Ce qui intéresse d’emblée Deleuze n’est pas la peinture déjà faite, c’est l’acte de peindre plus que son résultat : « Le pire est que dès qu’un peintre a trouvé un truc, ça devient un cliché à toute vitesse. » Peindre est un acte qui rejette tous les clichés – la toile n’est pas un espace vide mais un lieu rempli, un trop plein où se bousculent des clichés auxquels il faut se soustraire – ce qui n’est sans doute pas possible pour l’écriture car elle reste liée à une langue, à ses expressions usuelles.

Est-ce que les peintres peuvent nous apporter des concepts ? Lesquels ?

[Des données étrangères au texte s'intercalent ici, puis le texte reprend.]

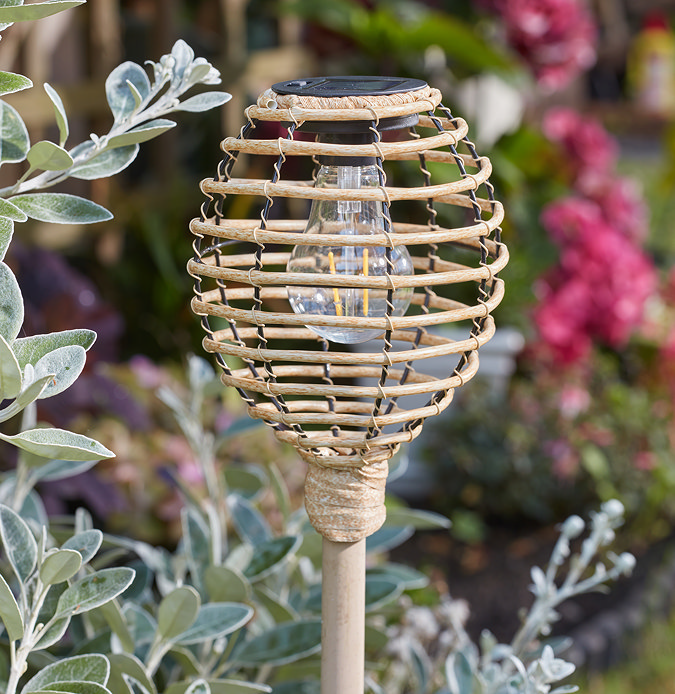 image taken in daylight of top of faux rattan stake light shaped like beehive, with bulb inside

Deleuze énumère ceux qu’ils lui ont permis de découvrir : le chaos (selon Klee), la catastrophe (selon Bacon) et le concept d’œuf ou de germe, celui de la cosmogenèse. Et bien sûr celui de couleur – si la couleur peut être un concept. La peinture n’est pas un domaine muséal et accompli, elle est à saisir comme acte. « L’acte de peindre renvoie nécessairement à une condition pré-picturale ». Cette condition de possibilité n’a rien d’un a priori car les concepts nécessaires aux peintres dans leur pratique, en amont de leur création, ne peuvent pas être séparés d’un brouillage de la perception ordinaire qui les rend quasi aveugles – le peintre se retrouve avec « les yeux tout rouges qui ne voient plus rien ». Il cherche à surmonter la grisaille en remontant vers la couleur. Il privilégie la couleur à la forme, à la ligne. Le travail du peintre n’est pas de créer des formes, aime à répéter Deleuze, mais d’inventer des forces : la déformation comme concept pictural, c’est la forme en tant que s’exerce sur elle une force.

L’aspect brouillon de ce work in progress, les (trop) nombreuses interventions que Deleuze écoute sérieusement avant, le plus souvent, de les écarter pour poursuivre son chemin, ferait sans doute préférer la lecture de ses grands livres comme Différence et répétition ou Logique du sens. Cependant, comme il le rappelle en reprenant l’étymologie du mot philosophe, la philosophie est depuis Socrate une discipline orale : celle d’amateurs, ce qui nous remet en état d’enfance, de non-sachant. Ce parcours secoué de cahots et souvent interrompu, qui n’a rien de magistral, est à l’image de ce que la philosophie a de meilleur : nous apprendre à penser.